By way of compare and contrast, frankly our nerd prom offered a better view, better writing, and bigger hair! But more importantly, it offered a spirit of generosity and connection that you don’t see much among those politicians and pundits these days. While they were cutting each other down for the cameras, writers and publishers at the Chanticleer conference were lifting each other UP.
The famed Pulpwood Queen Kathy L. Murphy was on hand to encourage those connections, and with her her inimitable ability to get the crowd going and put writers at ease, otherwise shy authors were prompted to talk about themselves and their work.
It was exciting for us to see all the connections being made, to see “old” faces and meet new ones. In chatting with editor and coach, Jennifer Karchmer, we discovered we both were keen to see writers get more comfortable on the book tour trail, doing readings and speaking about their books. She mentioned a post she’d done on that very subject, and we’re including tips from that post below.
Authors & Public Speaking: Boost your confidence and book sales
The reality is not all authors are good at speaking, self-promotion or selling. That’s OK. Writers are good at writing.
Sometimes the speaker is well prepared, confident and engaging, which is enjoyable for the audience. We get valuable information on how to write our memoir or novel. We laugh at interesting stories and leave with a good impression of the author’s work (and a purchased copy of the book). Other times, the author is nervous or uncomfortable or just doesn’t know how to make genuine, or subtle, pitches to buy the book.
Therefore, if you are an author approaching an upcoming book signing, writing workshop or lecture and want to boost your confidence, and more importantly your book sales, here are a few tips:
1) Remember to stay hydrated. Try tea or tepid water. Ice water tends to alarm the vocal cords, whereas a warm drink is more soothing and calming.
2) Pass around one copy of the book during the talk. If they’ve come to hear you, chances are they are old-school book lovers and will enjoy touching the cover, rubbing the book spine and holding it as if it were theirs. Make them envision it on their bookshelf. Also, diverting attention to the book takes the focus off of you momentarily to take a deep breath and relax.

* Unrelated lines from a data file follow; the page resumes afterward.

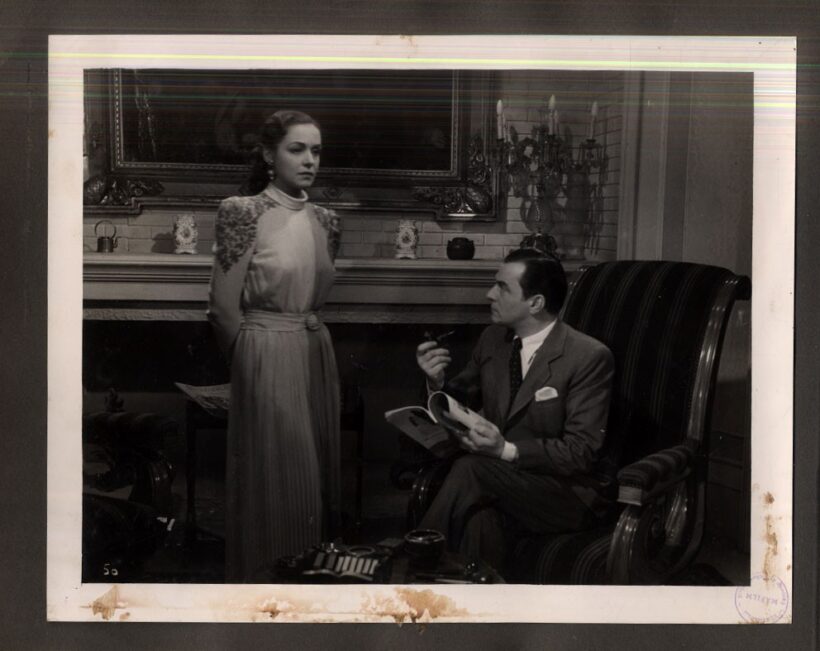 Radványi Géza (1907-1986)  Radványi Géza (1907-1986) filmrendező Egy asszony visszanéz c. filmjéről készült műtermi fotói, albumba rendezve.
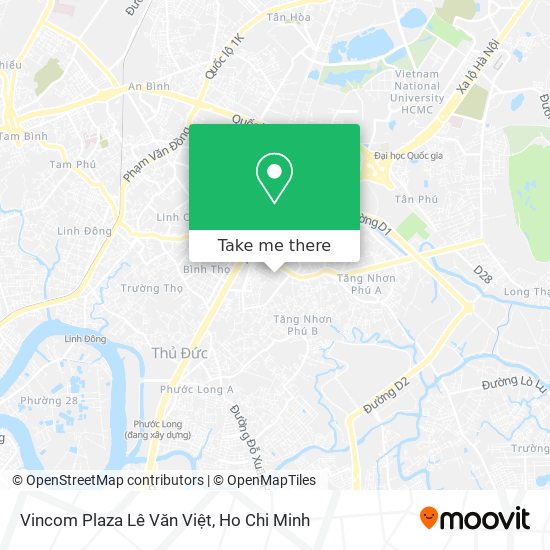 Vincom Plaza Lê Văn Việt map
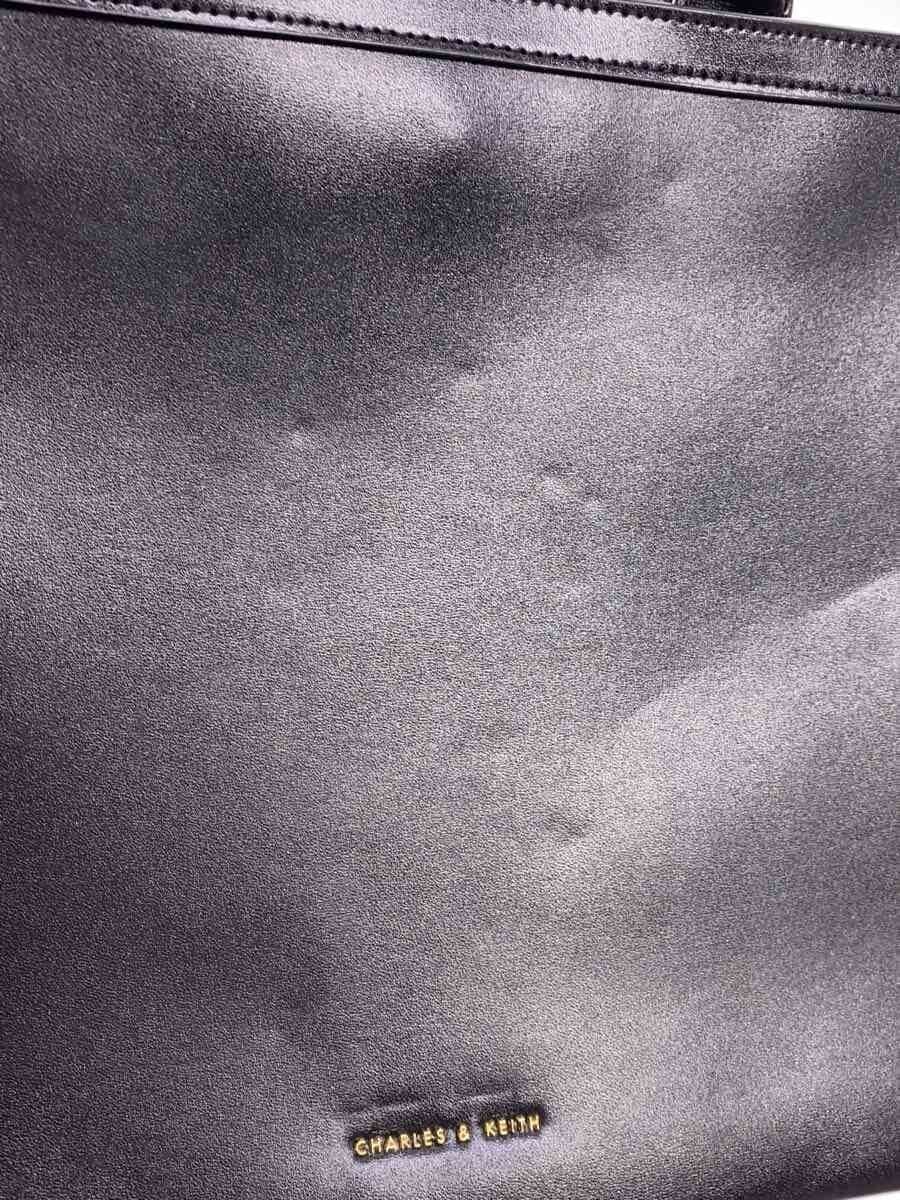 CHARLES&KEITH Tote Bag BLK Solid 8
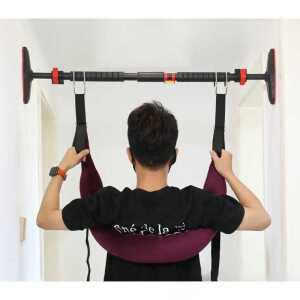 허리 견인 요추 척추 스트레칭 보조기 벨트 치료기 협착증 교정기 측만증 디스크 홈 철봉 등 근육 매달리기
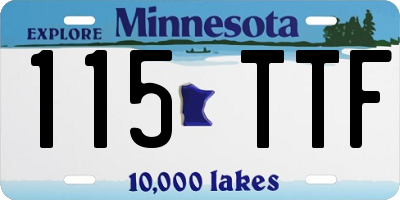 MN license plate 115TTF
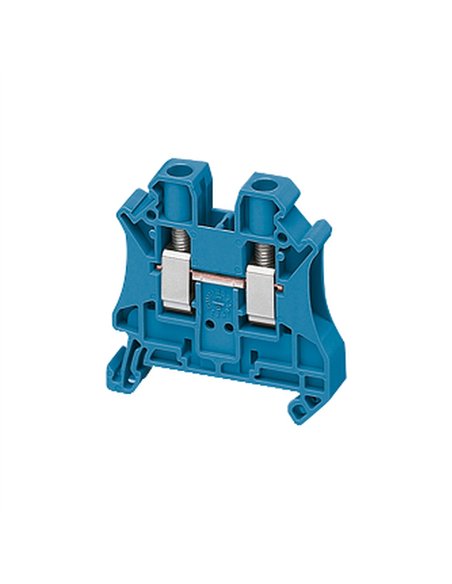 Borne conex tornillo, 2pts, 6mmｲ, azul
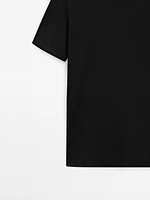 100% mercerised cotton T-shirt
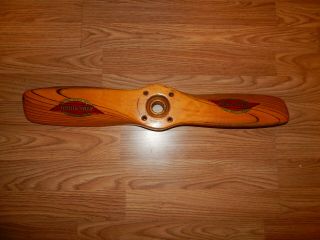 Vintage Wooden Propeller - Banks And Maxwell - 24 Inches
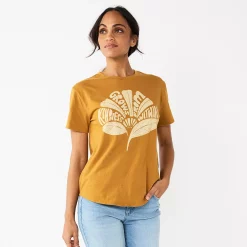 Women's Sonoma Goods For Life® Relaxed Graphic Tee 20 Women's Sonoma Goods For Life® Relaxed Graphic Tee -Sonoma Goods For Life Shop 5974706 Gold Kindness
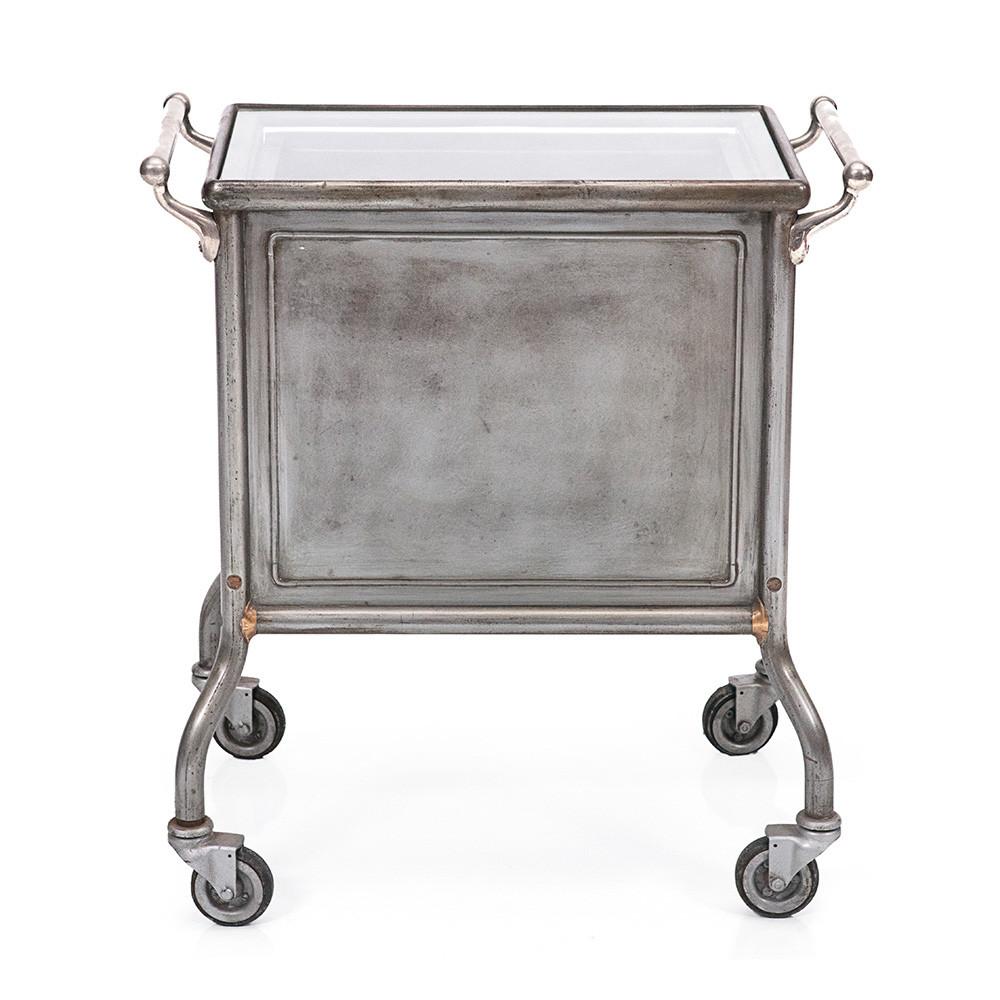 Metal Medical Cabinet with Wheels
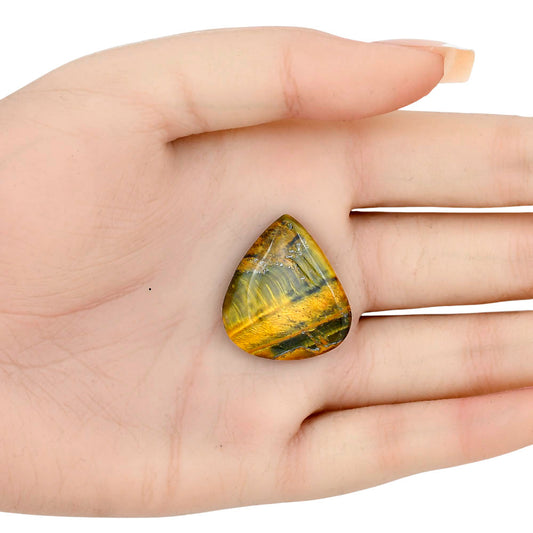 Blue Tiger Eye 27x24x5 mm Pear Gemstone LS01364-17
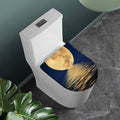 Moonlight On The Sea Print Toilet Lid Cover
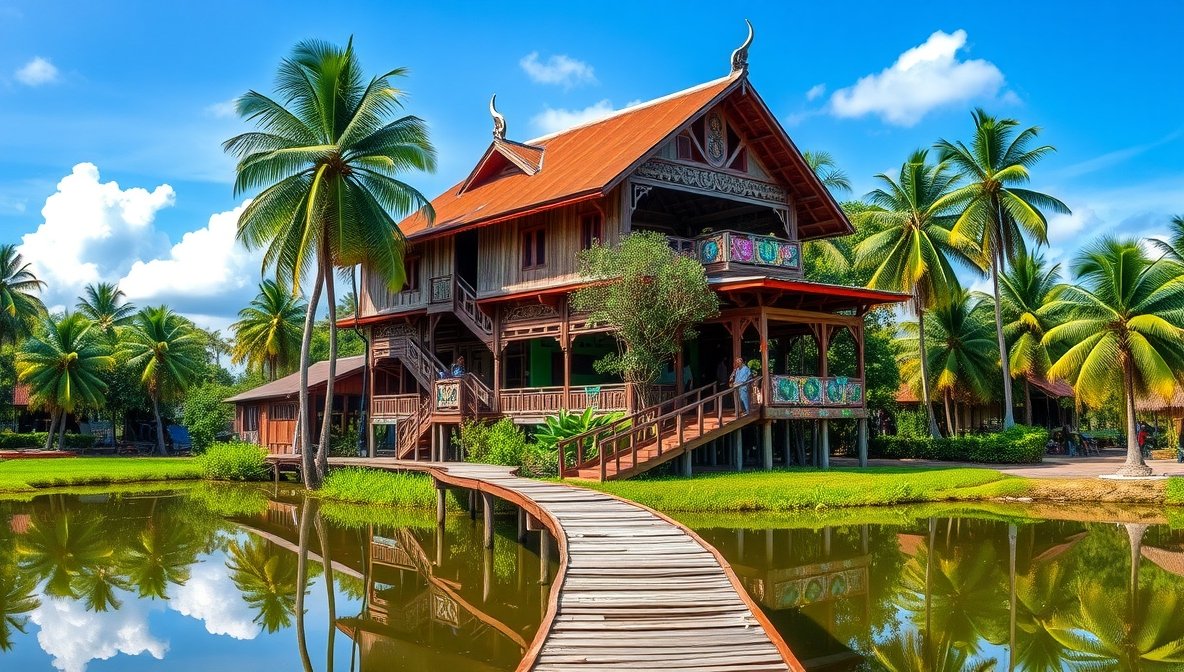 Southeast Asian Stilt House Architecture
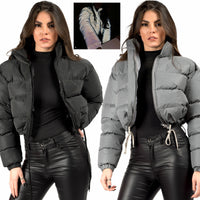 Women’s Short Loose-Fit Padded Jacket - KaleaBoutique.com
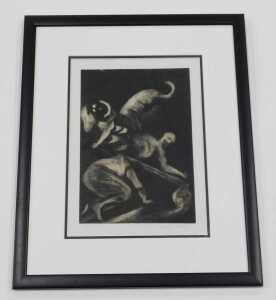 Nicholas Richards (20thC). Psychedelic figures, artist proof, signed, 29cm x 21cm. - 2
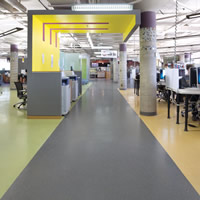 McMaster University rubber flooring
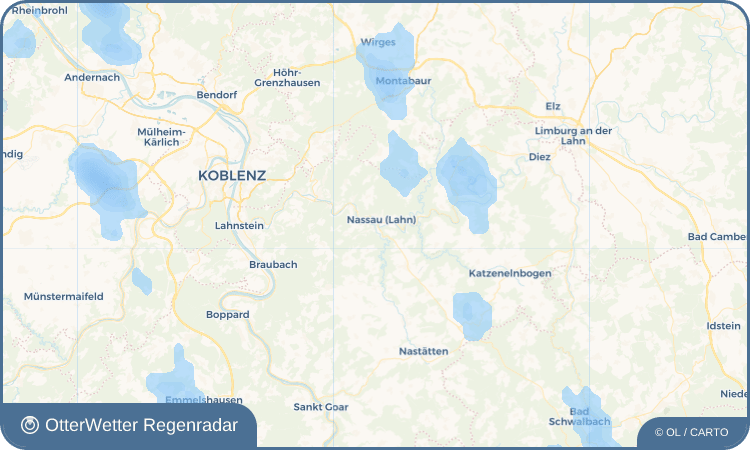 OtterWetter Regenradar-Widget Bergnassau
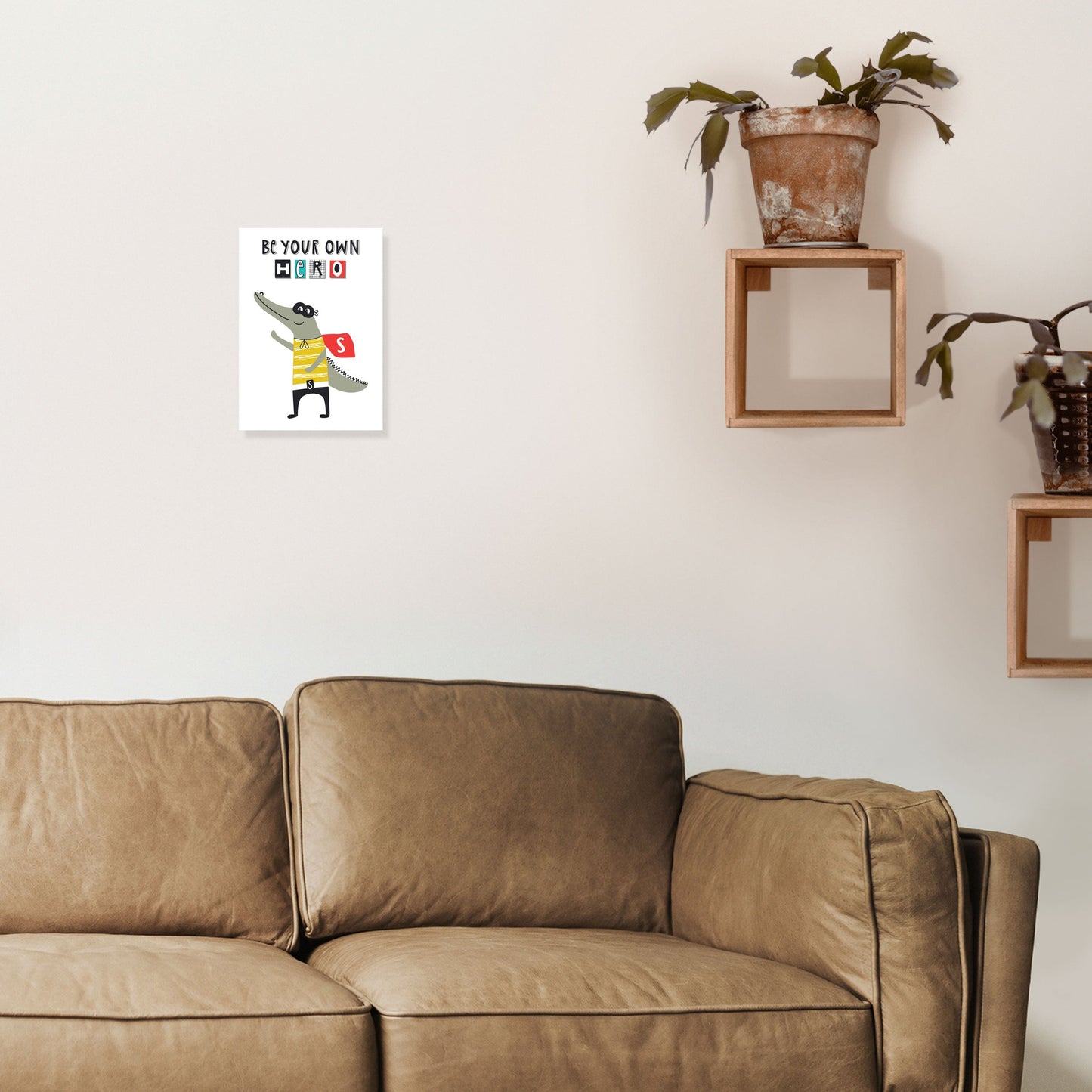 Sei dein eigener Held Gator Kunstdruck von Pixy Paper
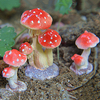 Ornements de jardin Mini Champignon Toadstool Décorations de paysage DIY Idéal pour les pots de plantes
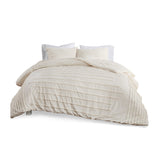 Urban Habitat Mercer Modern/Contemporary 3 Piece Cotton Chenille Comforter Set UH10-2318 Ivory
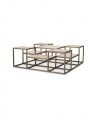 Smythson coffee table brushed brass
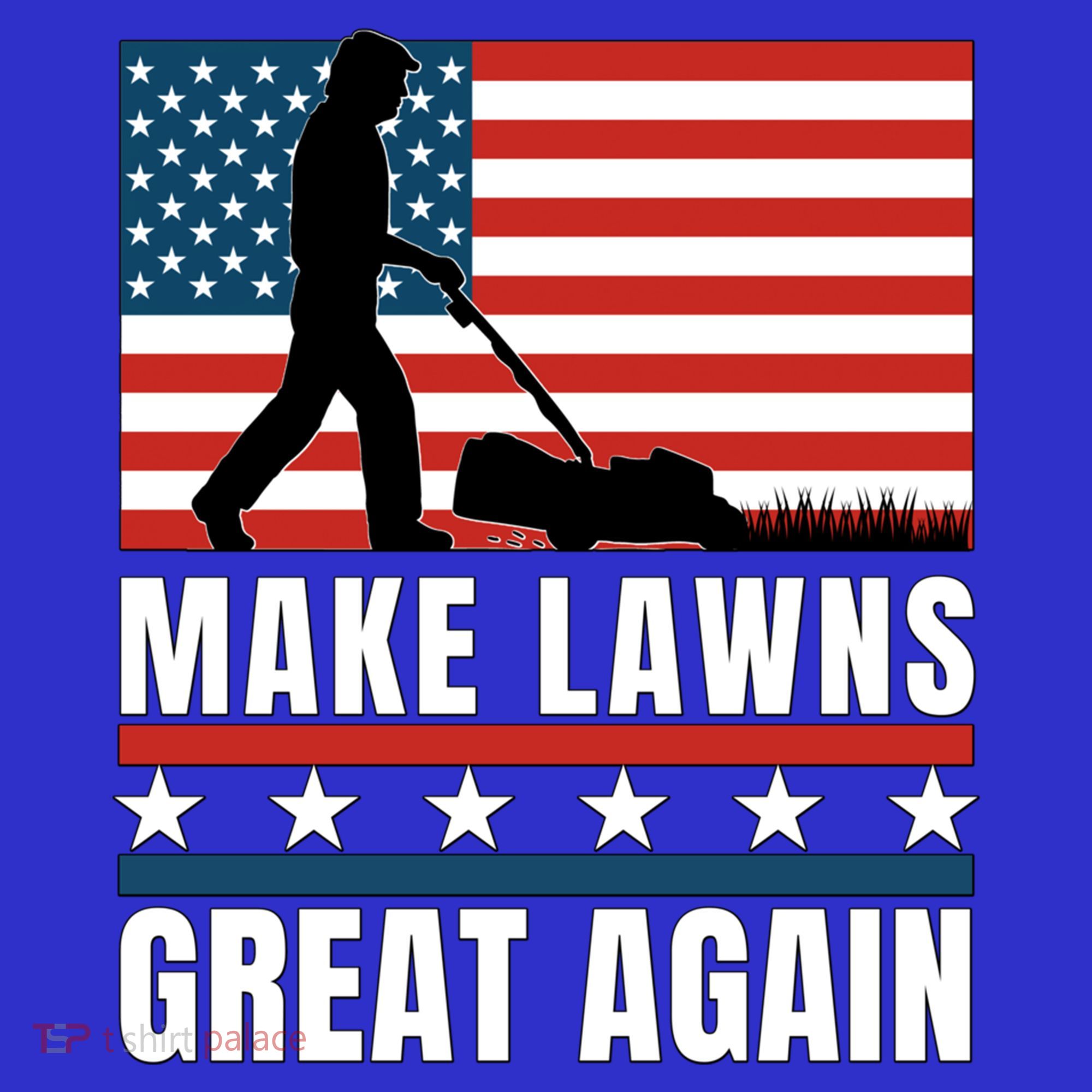 Make Lawns Great Again Funny Lawn Mower Patriotic Usa Flag Gift Sweatshirt
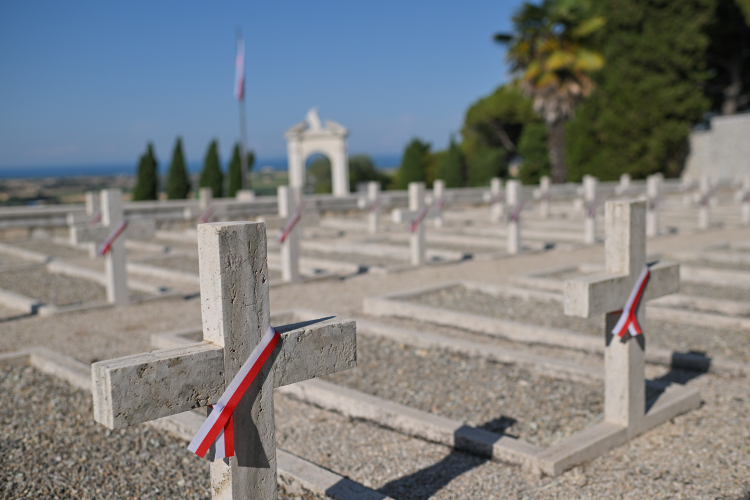 Polski Cmentarz Wojennym w Loreto. Fot. PAP/Przemysław Piątkowski
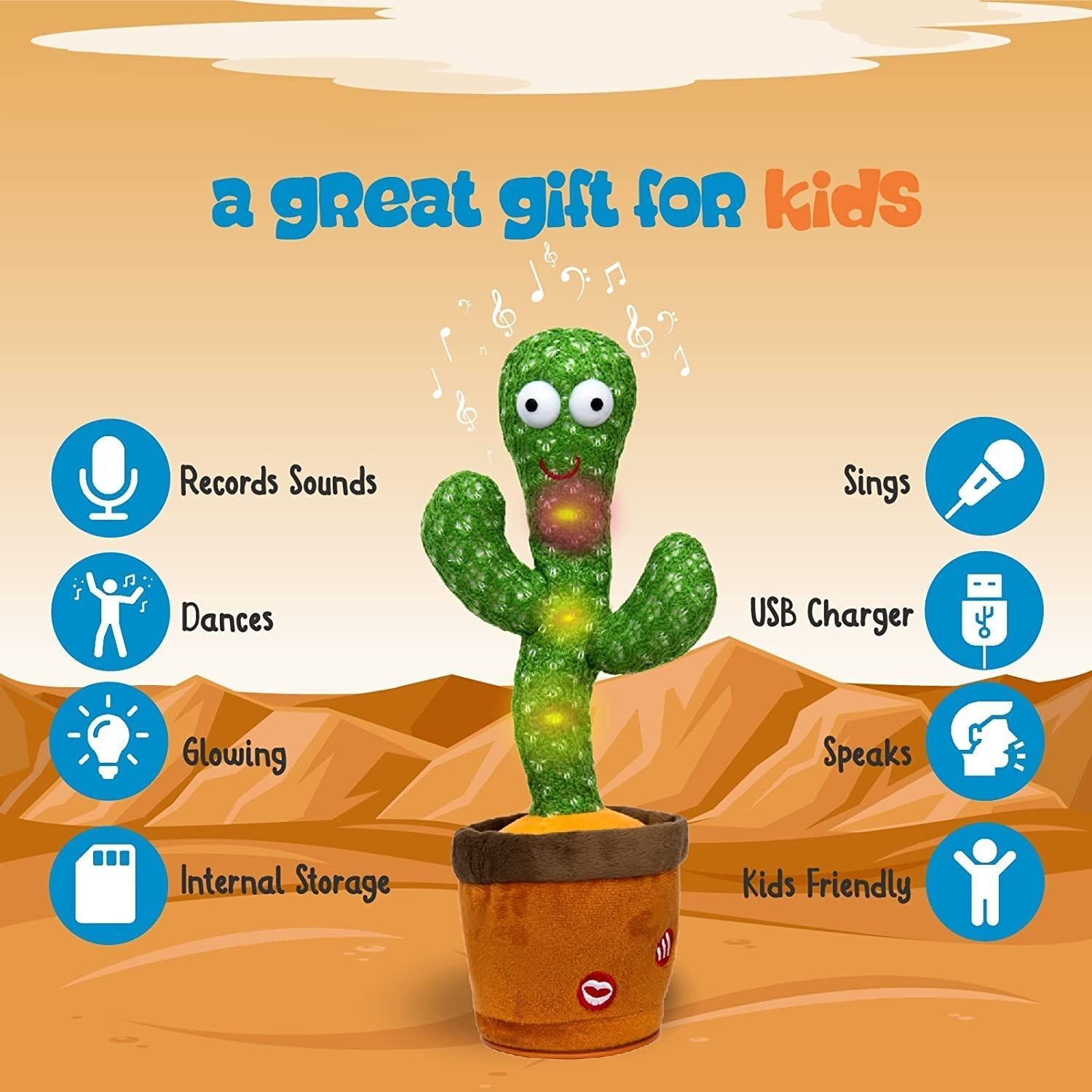 Kids Dancing Talking Cactus Plant Cactus Voice Repeat Recording D25-image-37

3) Assume everyone will purchase a copy. Use language like “readers like you,” “when you read the book…” (Similar to job interview advice.)
4) Make reference to page numbers and turning points. For example, “By chapter 3, Clarissa was becoming stronger and looking at life in a new way.” Or, “On page 67, she says …” Your audience will begin to connect with plot and writing technique and will want to get to that exact spot to see for herself. Also, those who brought a pre-purchased copy for signing can follow along.
5) Bring something new to each engagement. Your audience will appreciate when you say, “I haven’t mentioned this before during a talk…” Be genuine and your readers will connect with you, and then your writing.